Haug spricht von einem "Siegerhaus", ein vierter Platz kann deshalb nicht der Anspruch sein. Die Erwartungen nicht zu erfüllen belastet also doppelt schwer. Vor wenigen Jahren beklagte sich mal der Betriebsrat über das kostspielige Formel-1-Engagement. Nur Siege können in den eigenen Reihen die Wogen glätten. Der Trend führt vor dem vorletzten Saisonrennen am Sonntag in Abu Dhabi zwar leicht nach oben, doch das Grundproblem hat das junge Team in seinen ersten beiden Jahren nicht in den Griff bekommen. Schuld ist nicht der Motor, schuld ist das Chassis.

Der Radstand ist zu kurz, dadurch liegt der Schwerpunkt des Autos höher - so sind die hohen Kurvengeschwindigkeiten der Konkurrenten nicht möglich. Hat eine Rennstrecke 15 Kurven, muss ein Mercedes-Pilot also 15-mal ein bisschen früher bremsen, das macht pro Biege einen Verlust von einer Zehntelsekunde aus. Auf der ganzen Runde verlieren Schumacher und Rosberg auf diese Weise im Vergleich zu Sebastian Vettel also 1,5 Sekunden - eine Ewigkeit ist das in der Rennbranche. Nach einer Stunde ist das Team überrundet.

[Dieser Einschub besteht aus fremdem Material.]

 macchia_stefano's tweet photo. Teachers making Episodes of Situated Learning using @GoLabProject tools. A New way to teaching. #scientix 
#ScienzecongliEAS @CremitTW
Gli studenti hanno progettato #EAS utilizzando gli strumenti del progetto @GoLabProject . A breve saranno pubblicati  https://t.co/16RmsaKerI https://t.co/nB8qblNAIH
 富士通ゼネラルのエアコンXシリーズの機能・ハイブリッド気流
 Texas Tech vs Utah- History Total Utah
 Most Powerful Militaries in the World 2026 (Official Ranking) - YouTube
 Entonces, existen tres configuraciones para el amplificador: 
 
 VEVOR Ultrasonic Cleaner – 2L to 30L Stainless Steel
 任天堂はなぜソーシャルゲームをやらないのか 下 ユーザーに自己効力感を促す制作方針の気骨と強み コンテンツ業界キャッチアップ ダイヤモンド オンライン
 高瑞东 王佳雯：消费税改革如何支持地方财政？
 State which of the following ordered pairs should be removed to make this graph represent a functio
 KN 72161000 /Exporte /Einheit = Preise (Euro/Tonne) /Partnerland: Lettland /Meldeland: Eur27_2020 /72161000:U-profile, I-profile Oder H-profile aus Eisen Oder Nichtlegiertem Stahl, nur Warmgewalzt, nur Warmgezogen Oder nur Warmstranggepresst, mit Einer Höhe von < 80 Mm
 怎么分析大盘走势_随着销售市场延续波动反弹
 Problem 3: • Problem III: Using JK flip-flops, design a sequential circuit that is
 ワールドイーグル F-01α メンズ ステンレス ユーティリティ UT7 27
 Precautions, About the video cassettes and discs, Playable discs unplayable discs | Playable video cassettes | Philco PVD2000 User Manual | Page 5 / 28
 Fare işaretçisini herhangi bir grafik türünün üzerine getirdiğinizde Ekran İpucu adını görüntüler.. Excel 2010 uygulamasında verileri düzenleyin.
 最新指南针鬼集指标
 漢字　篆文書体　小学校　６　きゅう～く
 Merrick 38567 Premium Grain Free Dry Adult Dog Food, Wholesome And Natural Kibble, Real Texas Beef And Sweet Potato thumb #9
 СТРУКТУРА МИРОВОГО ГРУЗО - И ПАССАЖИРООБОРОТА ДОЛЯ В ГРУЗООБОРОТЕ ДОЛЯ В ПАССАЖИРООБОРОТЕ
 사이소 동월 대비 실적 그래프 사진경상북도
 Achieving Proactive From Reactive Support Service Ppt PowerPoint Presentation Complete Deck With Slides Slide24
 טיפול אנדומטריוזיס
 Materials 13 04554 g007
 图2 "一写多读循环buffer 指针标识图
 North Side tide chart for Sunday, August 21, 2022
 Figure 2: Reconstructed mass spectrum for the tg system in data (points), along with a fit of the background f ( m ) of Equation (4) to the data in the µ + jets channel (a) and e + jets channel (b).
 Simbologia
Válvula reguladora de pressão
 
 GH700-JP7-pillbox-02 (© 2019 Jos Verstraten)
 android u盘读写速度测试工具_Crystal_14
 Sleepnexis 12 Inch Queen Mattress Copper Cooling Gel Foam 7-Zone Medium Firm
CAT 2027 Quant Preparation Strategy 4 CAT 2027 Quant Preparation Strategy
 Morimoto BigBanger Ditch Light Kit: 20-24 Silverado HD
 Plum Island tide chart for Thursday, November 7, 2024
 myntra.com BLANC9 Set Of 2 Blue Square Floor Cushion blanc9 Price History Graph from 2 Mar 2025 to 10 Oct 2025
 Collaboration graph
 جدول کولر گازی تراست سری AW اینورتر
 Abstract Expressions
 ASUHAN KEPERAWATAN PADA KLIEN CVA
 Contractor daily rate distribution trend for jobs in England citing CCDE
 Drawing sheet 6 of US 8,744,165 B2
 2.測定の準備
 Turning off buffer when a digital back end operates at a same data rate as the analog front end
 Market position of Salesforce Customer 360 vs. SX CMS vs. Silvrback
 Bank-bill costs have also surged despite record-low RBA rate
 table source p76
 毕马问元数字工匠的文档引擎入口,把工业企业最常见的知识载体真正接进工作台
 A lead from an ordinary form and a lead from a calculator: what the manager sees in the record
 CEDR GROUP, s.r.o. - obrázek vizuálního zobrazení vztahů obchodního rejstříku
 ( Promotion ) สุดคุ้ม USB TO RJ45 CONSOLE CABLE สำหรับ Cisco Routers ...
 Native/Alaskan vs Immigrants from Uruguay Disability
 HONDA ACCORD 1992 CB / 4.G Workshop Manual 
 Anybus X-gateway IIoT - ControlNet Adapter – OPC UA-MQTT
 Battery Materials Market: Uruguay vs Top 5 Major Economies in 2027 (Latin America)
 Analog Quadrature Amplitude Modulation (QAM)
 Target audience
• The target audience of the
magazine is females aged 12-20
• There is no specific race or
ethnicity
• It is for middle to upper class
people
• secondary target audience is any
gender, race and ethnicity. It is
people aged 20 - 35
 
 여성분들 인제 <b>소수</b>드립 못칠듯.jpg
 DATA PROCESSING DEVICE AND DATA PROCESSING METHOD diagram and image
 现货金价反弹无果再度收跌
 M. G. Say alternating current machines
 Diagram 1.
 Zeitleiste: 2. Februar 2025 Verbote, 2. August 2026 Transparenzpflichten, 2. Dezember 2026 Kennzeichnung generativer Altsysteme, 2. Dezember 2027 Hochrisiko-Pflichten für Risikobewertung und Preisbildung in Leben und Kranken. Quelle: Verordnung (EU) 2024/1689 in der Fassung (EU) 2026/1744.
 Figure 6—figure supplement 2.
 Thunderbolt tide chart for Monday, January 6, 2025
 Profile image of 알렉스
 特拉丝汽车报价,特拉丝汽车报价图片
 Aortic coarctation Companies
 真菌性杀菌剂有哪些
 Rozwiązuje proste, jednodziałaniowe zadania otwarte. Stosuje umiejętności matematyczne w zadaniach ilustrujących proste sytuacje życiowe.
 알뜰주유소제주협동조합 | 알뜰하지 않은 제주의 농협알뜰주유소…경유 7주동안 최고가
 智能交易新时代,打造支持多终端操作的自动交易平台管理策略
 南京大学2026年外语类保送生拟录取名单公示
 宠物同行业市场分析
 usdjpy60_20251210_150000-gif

Haug will deutsche Formel-1-Familie zusammenhalten

"Wir waren vor allem in schnellen Kurven nicht ganz so gut, um es mal auf einen konkreten Fakt runterzubrechen", sagt Michael Schumacher ziemlich gelassen, "doch wir arbeiten daran." Er hat den Glauben an bessere Zeiten noch nicht verloren. "Sowohl in England als auch im Daimler-Konzern haben sie so viel Knowhow und Passion, dass ich sehr zuversichtlich in die Zukunft schaue."

Norbert Haug hört solche Sätze gerne. Auf zwei wichtigen Ingenieursposten hat sich das Team verstärkt, mit Nico Rosberg wurde der Vertrag bis 2013 verlängert - doch was wird aus Schumacher? Im nächsten Jahr gilt es. Nur wenn der Rekordweltmeister wieder Podestplätze einnehmen kann, wird er seinen 2012 auslaufenden Vertrag vielleicht verlängern.

"Podestplätze wären ein Schritt in die richtige Richtung und eine Bestätigung unseres Kurses", sagt der Pilot. Er will zunächst den ersten Schritt machen, bevor er über einen neuen Vertrag nachdenkt. Frontmann Haug möchte derweil die deutsche Formel-1-Familie unbedingt zusammenhalten - doch dazu muss der Schwabe dem Rheinländer erst einmal das richtige Auto hinstellen.